● **Provided material**
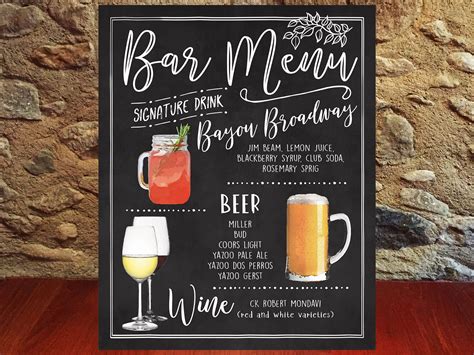 Birthday Drinks Menu Chalkboard Bar Menu Custom Cocktail | Etsy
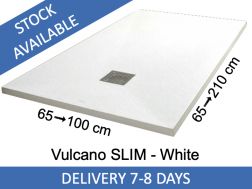 Shower tray, 110 cm, Acrystone resin - VULCANO SLIM White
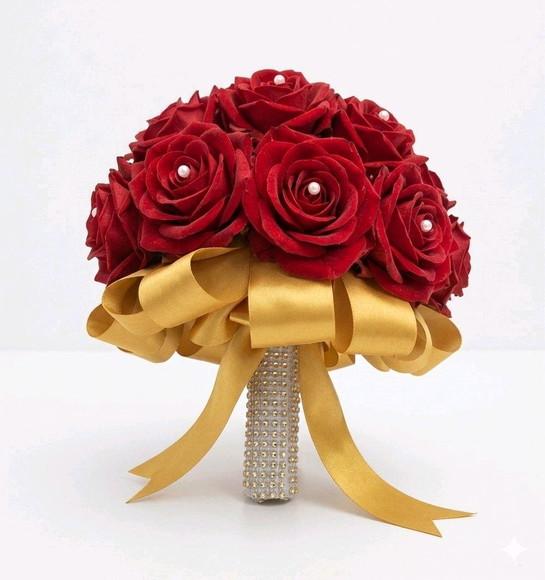 Buquê de Noiva Vermelho e Dourado Médio Eva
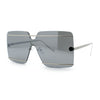 Womens Oversized Rimless Metal Bar Brow Line Designer Fashion Sunglasses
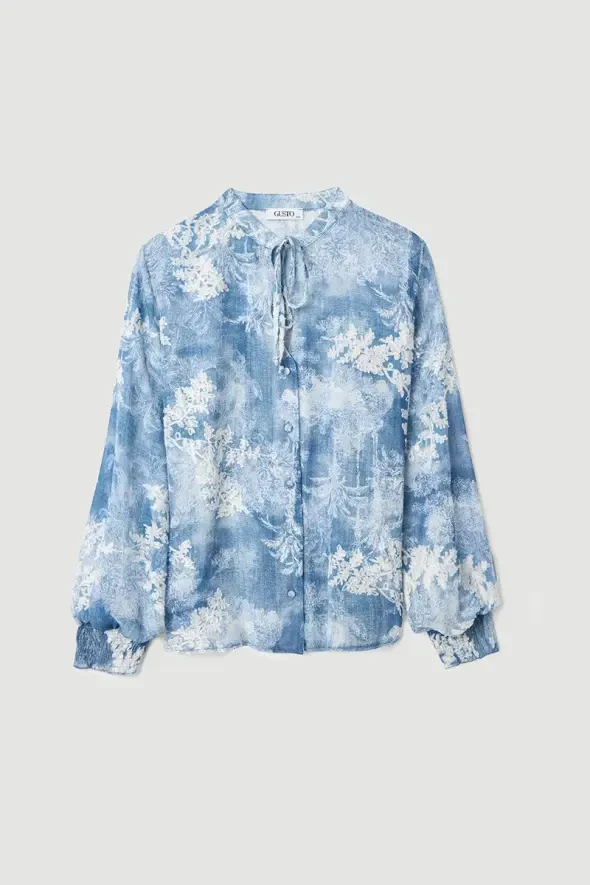 Flower Embroidery Blouse - Blue - 5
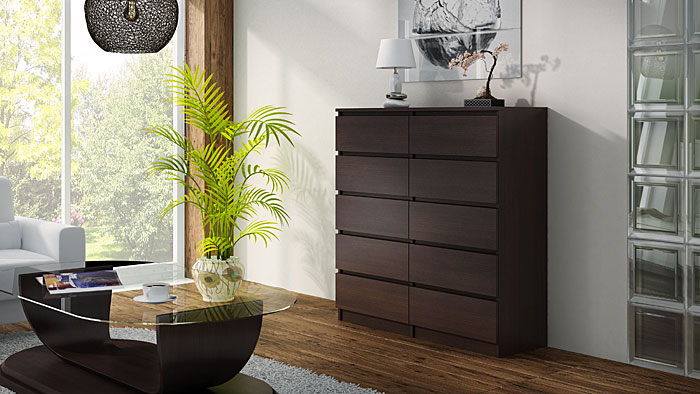 Praktyczna komoda do salonu wenge Noel 120 cm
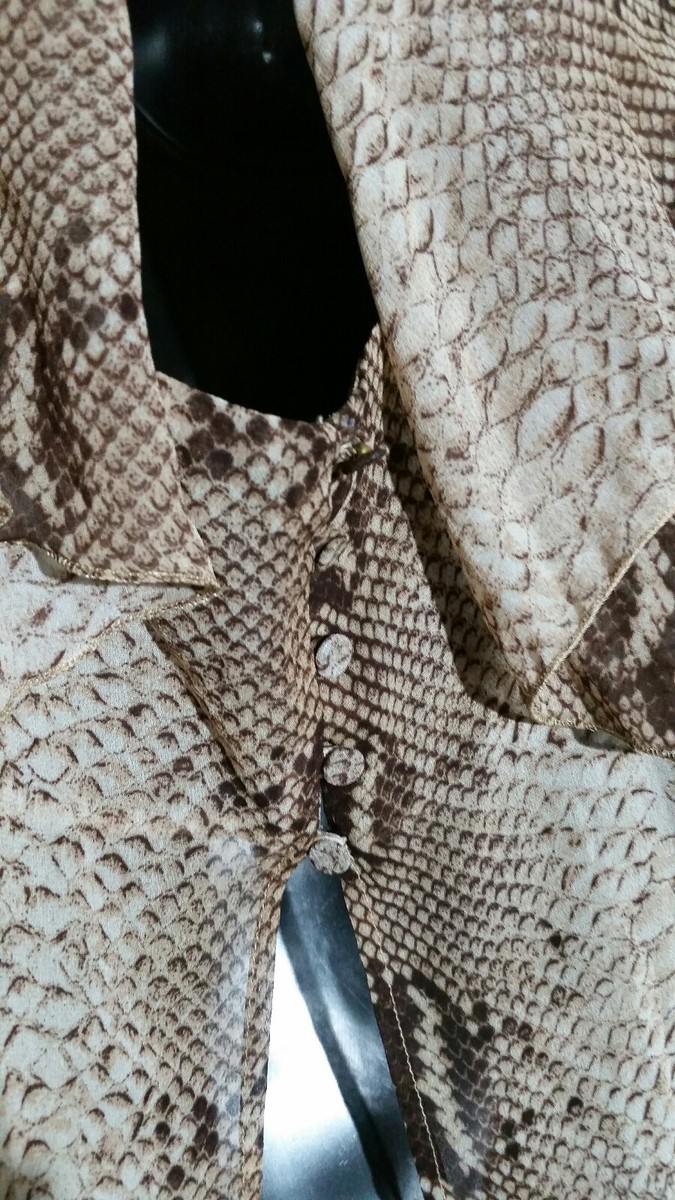 Chemisier Zara Femme Imprimé Serpent - Taille Rare XS - Manches Courtes, Viscose - Neuf Avec étiquette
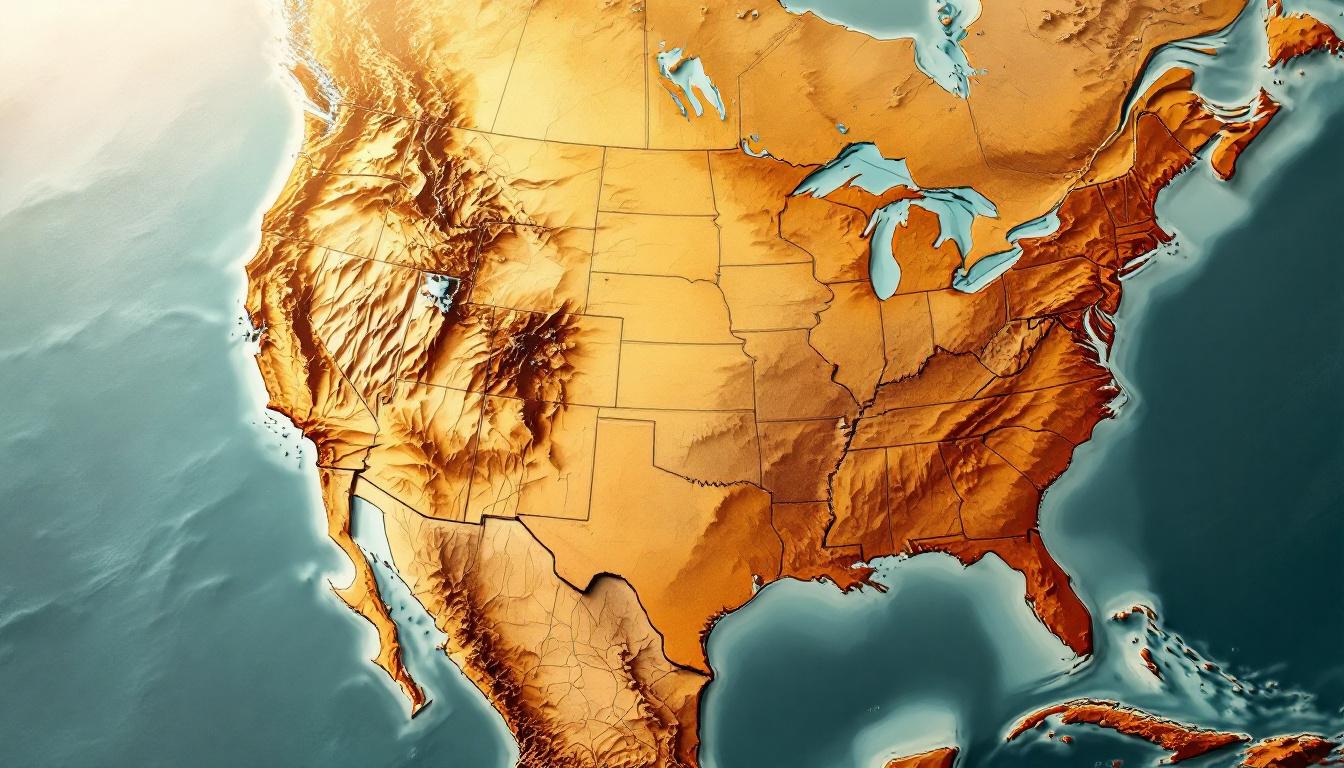Topographic map of the United States representing state-by-state coverage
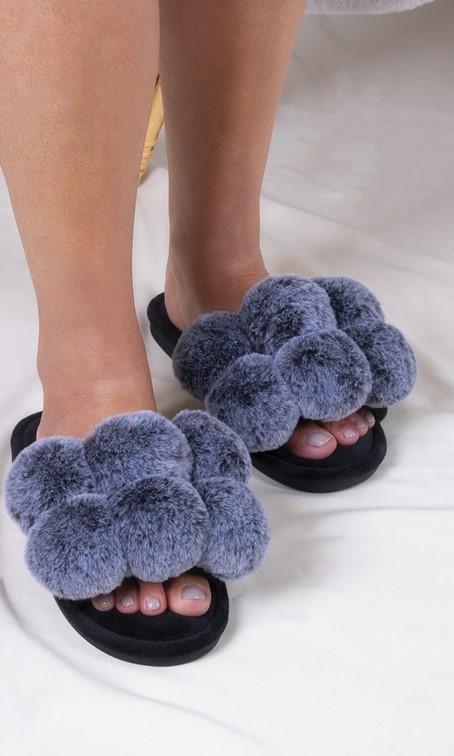 Pretty You London Dolly Pom Pom Slippers Grey Black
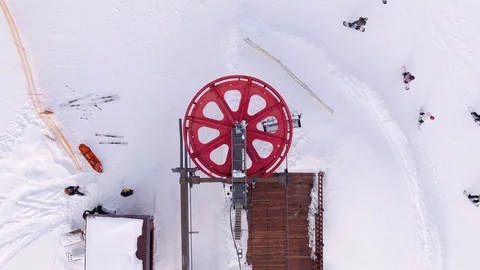 Round motor of the lift Stock Footage 99341245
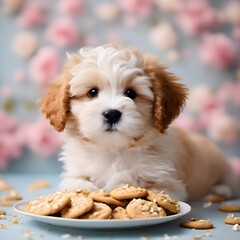 Poster - AI generated illustration of a dog sitting on a plate next to cookies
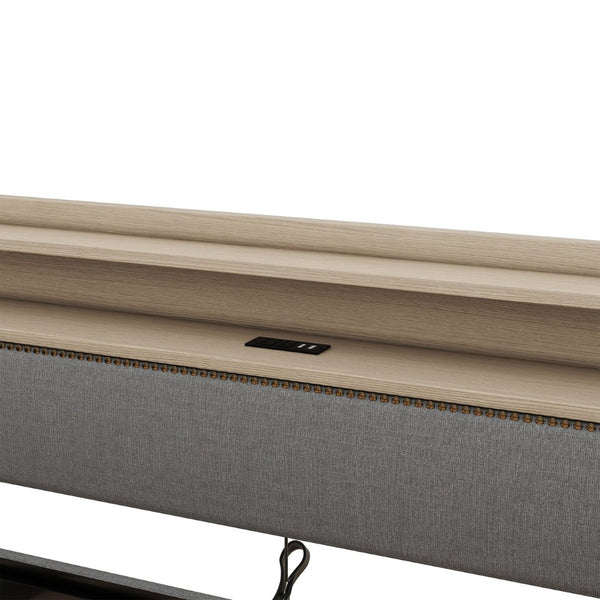 English Elm Twin Size Daybed With Built-In Storage, Charging Station & Led Lights - Stylish Gray Upholstered Design W1580S00060-GIGA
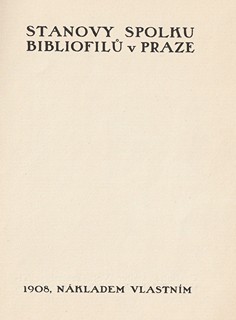Vojtěch Preissig (1873 - 1944) - Stanovy Spolku bibliofilů v Praze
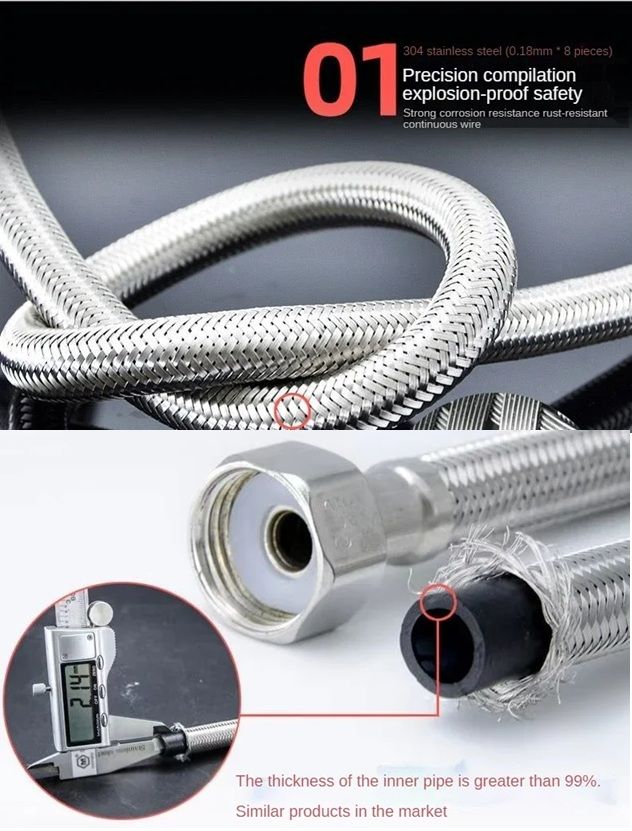 HydroGuard Braided Flexible Water Hose  12 Inch ExplosionProof Pipe For Kitchen Bathroom Or Toilet 2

● **Task objective**
Each record, word for word, should be printed again without its pictures.

● **Response area**
 Birthday Drinks Menu Chalkboard Bar Menu Custom Cocktail | Etsy
 Shower tray, 110 cm, Acrystone resin - VULCANO SLIM White
 Buquê de Noiva Vermelho e Dourado Médio Eva
 Womens Oversized Rimless Metal Bar Brow Line Designer Fashion Sunglasses
 Flower Embroidery Blouse - Blue - 5
 Praktyczna komoda do salonu wenge Noel 120 cm
 Chemisier Zara Femme Imprimé Serpent - Taille Rare XS - Manches Courtes, Viscose - Neuf Avec étiquette
Topographic map of the United States representing state-by-state coverage
 Pretty You London Dolly Pom Pom Slippers Grey Black
 Round motor of the lift Stock Footage 99341245
 Poster - AI generated illustration of a dog sitting on a plate next to cookies
 English Elm Twin Size Daybed With Built-In Storage, Charging Station & Led Lights - Stylish Gray Upholstered Design W1580S00060-GIGA
Vojtěch Preissig (1873 - 1944) - Stanovy Spolku bibliofilů v Praze
 HydroGuard Braided Flexible Water Hose  12 Inch ExplosionProof Pipe For Kitchen Bathroom Or Toilet 2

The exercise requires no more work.